(Input data begins)
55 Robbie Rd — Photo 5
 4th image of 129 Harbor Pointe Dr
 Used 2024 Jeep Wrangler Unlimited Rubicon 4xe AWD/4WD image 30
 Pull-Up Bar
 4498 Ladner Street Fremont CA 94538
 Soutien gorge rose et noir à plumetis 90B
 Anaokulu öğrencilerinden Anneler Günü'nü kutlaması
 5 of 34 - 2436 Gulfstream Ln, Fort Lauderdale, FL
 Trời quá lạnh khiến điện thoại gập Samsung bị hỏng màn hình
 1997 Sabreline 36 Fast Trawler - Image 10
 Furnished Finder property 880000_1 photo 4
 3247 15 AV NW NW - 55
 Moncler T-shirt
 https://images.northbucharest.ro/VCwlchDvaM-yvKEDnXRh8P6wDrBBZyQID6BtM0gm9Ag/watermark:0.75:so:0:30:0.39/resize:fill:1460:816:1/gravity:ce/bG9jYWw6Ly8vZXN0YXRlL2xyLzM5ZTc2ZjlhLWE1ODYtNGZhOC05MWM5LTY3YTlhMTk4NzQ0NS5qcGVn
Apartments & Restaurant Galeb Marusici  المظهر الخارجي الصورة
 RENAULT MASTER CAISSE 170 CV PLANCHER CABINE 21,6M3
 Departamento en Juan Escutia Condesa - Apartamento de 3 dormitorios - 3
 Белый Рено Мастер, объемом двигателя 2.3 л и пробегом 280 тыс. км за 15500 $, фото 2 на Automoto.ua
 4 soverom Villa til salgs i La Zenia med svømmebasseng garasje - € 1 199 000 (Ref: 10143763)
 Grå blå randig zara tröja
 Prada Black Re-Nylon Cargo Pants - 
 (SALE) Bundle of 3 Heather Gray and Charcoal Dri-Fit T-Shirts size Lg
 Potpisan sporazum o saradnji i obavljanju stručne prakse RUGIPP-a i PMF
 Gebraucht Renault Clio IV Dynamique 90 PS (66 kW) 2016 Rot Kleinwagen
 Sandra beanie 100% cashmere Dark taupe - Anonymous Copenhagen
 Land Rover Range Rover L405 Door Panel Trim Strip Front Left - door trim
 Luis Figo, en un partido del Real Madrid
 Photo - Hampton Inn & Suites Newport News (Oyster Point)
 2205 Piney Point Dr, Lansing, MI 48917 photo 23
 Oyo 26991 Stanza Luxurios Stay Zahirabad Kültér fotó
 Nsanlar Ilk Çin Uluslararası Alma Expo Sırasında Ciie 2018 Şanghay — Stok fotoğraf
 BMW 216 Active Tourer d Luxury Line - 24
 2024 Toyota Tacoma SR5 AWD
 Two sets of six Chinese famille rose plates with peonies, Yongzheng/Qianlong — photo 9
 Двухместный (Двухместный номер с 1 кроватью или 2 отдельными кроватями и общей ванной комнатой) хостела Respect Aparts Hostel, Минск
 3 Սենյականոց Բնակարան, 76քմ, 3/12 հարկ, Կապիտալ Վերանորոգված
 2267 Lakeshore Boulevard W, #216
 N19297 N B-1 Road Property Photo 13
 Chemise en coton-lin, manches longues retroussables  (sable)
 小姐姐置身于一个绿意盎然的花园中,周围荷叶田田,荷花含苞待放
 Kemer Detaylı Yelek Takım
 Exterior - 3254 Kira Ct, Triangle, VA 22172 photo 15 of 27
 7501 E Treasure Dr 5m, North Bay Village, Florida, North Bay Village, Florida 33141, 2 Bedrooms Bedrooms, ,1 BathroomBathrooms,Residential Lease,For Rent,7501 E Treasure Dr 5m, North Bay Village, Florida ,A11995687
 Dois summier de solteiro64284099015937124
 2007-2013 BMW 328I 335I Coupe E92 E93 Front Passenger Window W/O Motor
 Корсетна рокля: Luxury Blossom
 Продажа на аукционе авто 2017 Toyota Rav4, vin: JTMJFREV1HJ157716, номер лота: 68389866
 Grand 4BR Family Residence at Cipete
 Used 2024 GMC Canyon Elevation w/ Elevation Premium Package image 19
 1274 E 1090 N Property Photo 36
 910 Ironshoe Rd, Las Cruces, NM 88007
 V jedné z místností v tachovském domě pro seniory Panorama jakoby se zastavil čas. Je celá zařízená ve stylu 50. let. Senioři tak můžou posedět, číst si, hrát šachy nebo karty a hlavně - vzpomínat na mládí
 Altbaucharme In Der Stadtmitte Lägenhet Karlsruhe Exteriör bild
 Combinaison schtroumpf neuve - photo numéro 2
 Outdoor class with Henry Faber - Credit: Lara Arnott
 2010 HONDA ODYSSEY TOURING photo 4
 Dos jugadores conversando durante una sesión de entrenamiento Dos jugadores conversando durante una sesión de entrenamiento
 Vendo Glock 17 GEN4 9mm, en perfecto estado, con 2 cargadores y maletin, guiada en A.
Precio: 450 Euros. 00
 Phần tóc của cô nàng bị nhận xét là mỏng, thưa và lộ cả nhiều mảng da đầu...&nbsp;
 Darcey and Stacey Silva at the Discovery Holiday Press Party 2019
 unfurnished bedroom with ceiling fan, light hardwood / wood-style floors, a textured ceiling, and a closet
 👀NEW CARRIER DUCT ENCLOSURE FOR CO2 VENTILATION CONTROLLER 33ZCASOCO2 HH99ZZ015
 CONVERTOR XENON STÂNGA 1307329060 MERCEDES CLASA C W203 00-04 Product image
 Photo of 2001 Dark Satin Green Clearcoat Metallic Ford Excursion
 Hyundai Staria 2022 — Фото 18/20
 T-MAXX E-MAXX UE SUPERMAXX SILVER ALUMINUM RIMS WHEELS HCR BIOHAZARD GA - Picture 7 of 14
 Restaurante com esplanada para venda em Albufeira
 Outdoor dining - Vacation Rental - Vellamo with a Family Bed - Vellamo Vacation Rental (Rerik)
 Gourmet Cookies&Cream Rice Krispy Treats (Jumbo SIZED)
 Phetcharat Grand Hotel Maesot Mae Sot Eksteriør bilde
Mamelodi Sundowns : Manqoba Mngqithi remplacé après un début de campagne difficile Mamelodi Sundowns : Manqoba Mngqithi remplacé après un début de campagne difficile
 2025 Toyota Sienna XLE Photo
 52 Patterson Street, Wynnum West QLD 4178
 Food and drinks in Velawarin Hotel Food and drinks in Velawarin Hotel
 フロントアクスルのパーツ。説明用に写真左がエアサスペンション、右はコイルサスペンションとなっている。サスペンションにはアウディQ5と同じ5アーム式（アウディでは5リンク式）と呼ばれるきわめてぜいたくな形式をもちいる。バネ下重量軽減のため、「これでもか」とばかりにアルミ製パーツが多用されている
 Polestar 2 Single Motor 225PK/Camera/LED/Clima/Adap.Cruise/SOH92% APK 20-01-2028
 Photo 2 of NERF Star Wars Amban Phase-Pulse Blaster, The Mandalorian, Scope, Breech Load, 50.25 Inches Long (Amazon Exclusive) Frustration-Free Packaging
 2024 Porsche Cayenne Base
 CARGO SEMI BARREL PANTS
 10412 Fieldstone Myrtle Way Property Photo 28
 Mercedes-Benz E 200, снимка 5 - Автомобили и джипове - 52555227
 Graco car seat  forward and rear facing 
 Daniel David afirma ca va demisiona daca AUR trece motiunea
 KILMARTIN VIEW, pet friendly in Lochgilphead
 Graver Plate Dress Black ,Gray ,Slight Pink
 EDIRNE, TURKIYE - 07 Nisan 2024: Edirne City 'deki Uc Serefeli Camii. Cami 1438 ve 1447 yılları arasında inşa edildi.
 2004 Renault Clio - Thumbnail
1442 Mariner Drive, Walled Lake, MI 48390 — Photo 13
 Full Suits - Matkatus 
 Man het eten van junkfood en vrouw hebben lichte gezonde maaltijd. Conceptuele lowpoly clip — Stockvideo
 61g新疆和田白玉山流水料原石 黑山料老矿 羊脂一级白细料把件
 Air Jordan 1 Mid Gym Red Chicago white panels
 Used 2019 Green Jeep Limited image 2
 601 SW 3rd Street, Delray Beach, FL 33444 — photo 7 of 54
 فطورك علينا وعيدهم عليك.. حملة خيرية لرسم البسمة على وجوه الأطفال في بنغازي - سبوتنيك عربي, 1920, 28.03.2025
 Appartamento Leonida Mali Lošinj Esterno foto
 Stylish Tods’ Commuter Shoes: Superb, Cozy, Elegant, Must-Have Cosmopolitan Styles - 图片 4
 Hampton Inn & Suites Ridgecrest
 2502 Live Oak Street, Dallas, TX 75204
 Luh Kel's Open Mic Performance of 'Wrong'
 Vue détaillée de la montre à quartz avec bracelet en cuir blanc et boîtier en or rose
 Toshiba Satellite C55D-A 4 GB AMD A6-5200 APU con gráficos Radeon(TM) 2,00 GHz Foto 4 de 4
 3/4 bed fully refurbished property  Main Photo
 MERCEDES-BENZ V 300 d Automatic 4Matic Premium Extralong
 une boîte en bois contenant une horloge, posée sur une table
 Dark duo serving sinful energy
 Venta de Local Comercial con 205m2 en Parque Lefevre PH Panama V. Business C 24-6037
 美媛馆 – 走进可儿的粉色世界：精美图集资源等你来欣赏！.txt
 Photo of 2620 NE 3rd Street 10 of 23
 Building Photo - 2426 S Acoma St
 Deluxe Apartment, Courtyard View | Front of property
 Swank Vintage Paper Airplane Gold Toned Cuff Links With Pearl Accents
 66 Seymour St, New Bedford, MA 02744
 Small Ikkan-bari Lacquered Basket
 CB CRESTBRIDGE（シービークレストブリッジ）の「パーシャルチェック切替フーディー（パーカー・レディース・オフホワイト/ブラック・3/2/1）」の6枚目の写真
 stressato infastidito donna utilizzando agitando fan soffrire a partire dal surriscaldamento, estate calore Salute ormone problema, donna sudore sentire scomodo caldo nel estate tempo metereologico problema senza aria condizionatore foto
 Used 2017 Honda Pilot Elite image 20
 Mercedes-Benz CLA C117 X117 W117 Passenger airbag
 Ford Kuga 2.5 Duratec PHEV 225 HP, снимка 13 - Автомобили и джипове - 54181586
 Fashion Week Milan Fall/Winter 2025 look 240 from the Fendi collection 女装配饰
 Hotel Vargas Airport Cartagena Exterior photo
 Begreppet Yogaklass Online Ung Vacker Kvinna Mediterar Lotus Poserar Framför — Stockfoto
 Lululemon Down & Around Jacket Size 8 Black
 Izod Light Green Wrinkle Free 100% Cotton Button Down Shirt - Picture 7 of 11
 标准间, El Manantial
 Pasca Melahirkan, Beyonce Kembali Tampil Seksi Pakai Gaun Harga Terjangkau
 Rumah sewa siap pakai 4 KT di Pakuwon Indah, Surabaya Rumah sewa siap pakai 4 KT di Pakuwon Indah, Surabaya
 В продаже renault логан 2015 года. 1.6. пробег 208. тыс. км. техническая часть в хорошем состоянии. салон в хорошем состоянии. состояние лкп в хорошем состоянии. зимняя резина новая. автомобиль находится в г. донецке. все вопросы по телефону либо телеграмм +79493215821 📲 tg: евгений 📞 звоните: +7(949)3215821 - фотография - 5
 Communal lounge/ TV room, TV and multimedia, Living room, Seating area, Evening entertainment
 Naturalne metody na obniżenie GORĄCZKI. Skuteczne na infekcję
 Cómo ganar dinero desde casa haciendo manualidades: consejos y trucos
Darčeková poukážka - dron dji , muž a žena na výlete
(Input data ends)
## [Required work]
Repeat, exactly as they stand above, the lines from the line with "61g新疆和田白玉山流水料原石 黑山料老矿 羊脂一级白细料把件" to the line with "Dark duo serving sinful energy", both lines included.

## [Written answer]
 61g新疆和田白玉山流水料原石 黑山料老矿 羊脂一级白细料把件
 Air Jordan 1 Mid Gym Red Chicago white panels
 Used 2019 Green Jeep Limited image 2
 601 SW 3rd Street, Delray Beach, FL 33444 — photo 7 of 54
 فطورك علينا وعيدهم عليك.. حملة خيرية لرسم البسمة على وجوه الأطفال في بنغازي - سبوتنيك عربي, 1920, 28.03.2025
 Appartamento Leonida Mali Lošinj Esterno foto
 Stylish Tods’ Commuter Shoes: Superb, Cozy, Elegant, Must-Have Cosmopolitan Styles - 图片 4
 Hampton Inn & Suites Ridgecrest
 2502 Live Oak Street, Dallas, TX 75204
 Luh Kel's Open Mic Performance of 'Wrong'
 Vue détaillée de la montre à quartz avec bracelet en cuir blanc et boîtier en or rose
 Toshiba Satellite C55D-A 4 GB AMD A6-5200 APU con gráficos Radeon(TM) 2,00 GHz Foto 4 de 4
 3/4 bed fully refurbished property  Main Photo
 MERCEDES-BENZ V 300 d Automatic 4Matic Premium Extralong
 une boîte en bois contenant une horloge, posée sur une table
 Dark duo serving sinful energy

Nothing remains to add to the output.